*Text-to-region grounding data*.
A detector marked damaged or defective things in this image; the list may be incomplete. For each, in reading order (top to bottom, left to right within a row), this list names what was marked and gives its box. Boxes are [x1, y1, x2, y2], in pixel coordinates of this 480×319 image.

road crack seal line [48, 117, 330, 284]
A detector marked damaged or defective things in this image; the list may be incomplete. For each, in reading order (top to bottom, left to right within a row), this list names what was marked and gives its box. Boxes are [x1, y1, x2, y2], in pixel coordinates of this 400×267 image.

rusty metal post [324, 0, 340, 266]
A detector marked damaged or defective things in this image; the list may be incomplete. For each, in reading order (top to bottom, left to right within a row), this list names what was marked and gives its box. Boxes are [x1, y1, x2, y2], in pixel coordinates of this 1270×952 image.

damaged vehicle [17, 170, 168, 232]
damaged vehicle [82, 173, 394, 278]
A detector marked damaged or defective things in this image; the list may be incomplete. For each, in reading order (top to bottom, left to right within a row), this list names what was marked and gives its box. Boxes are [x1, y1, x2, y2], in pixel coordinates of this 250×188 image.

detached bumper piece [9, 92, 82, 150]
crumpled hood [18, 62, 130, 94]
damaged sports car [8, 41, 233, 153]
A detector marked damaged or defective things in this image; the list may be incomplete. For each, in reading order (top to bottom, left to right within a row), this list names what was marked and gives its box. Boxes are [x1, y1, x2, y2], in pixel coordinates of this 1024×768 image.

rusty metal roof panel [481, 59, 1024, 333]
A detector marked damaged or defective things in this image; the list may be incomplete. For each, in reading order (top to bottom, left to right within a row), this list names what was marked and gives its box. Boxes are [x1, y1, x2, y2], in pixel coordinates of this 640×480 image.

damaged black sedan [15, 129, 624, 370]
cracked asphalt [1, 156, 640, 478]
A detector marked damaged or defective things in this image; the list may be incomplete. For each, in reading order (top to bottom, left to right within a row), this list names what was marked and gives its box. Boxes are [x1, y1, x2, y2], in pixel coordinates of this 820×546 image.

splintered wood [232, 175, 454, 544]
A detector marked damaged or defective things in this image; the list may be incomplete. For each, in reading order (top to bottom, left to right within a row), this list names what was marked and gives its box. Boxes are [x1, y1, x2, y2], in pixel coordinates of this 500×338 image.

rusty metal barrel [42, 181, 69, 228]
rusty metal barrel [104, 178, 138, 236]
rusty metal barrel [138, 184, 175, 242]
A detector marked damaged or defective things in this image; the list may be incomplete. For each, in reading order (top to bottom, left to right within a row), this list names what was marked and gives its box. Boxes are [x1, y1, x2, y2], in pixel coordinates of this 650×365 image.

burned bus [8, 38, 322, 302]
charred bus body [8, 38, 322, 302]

*Directions*. Restate every line of the data word for word.

*Exercise solution*.
A detector marked damaged or defective things in this image; the list may be incomplete. For each, in reading order (top to bottom, left to right within a row), this list names what was marked and gives its box. Boxes are [x1, y1, x2, y2], in pixel coordinates of this 480×319 image.

road crack seal line [48, 117, 330, 284]
A detector marked damaged or defective things in this image; the list may be incomplete. For each, in reading order (top to bottom, left to right within a row), this list names what was marked and gives its box. Boxes are [x1, y1, x2, y2], in pixel coordinates of this 400×267 image.

rusty metal post [324, 0, 340, 266]
A detector marked damaged or defective things in this image; the list may be incomplete. For each, in reading order (top to bottom, left to right within a row), this list names what was marked and gives its box. Boxes are [x1, y1, x2, y2], in pixel coordinates of this 1270×952 image.

damaged vehicle [17, 170, 168, 232]
damaged vehicle [82, 173, 394, 278]
A detector marked damaged or defective things in this image; the list may be incomplete. For each, in reading order (top to bottom, left to right within a row), this list names what was marked and gives its box. Boxes are [x1, y1, x2, y2], in pixel coordinates of this 250×188 image.

detached bumper piece [9, 92, 82, 150]
crumpled hood [18, 62, 130, 94]
damaged sports car [8, 41, 233, 153]
A detector marked damaged or defective things in this image; the list may be incomplete. For each, in reading order (top to bottom, left to right within a row), this list names what was marked and gives its box. Boxes are [x1, y1, x2, y2], in pixel coordinates of this 1024×768 image.

rusty metal roof panel [481, 59, 1024, 333]
A detector marked damaged or defective things in this image; the list may be incomplete. For each, in reading order (top to bottom, left to right within a row), this list names what was marked and gives its box. Boxes are [x1, y1, x2, y2], in pixel coordinates of this 640×480 image.

damaged black sedan [15, 129, 624, 370]
cracked asphalt [1, 156, 640, 478]
A detector marked damaged or defective things in this image; the list may be incomplete. For each, in reading order (top to bottom, left to right within a row), this list names what was marked and gives its box. Boxes are [x1, y1, x2, y2], in pixel coordinates of this 820×546 image.

splintered wood [232, 175, 454, 544]
A detector marked damaged or defective things in this image; the list may be incomplete. For each, in reading order (top to bottom, left to right within a row), this list names what was marked and gives its box. Boxes are [x1, y1, x2, y2], in pixel coordinates of this 500×338 image.

rusty metal barrel [42, 181, 69, 228]
rusty metal barrel [104, 178, 138, 236]
rusty metal barrel [138, 184, 175, 242]
A detector marked damaged or defective things in this image; the list may be incomplete. For each, in reading order (top to bottom, left to right within a row), this list names what was marked and gives its box. Boxes are [x1, y1, x2, y2], in pixel coordinates of this 650×365 image.

burned bus [8, 38, 322, 302]
charred bus body [8, 38, 322, 302]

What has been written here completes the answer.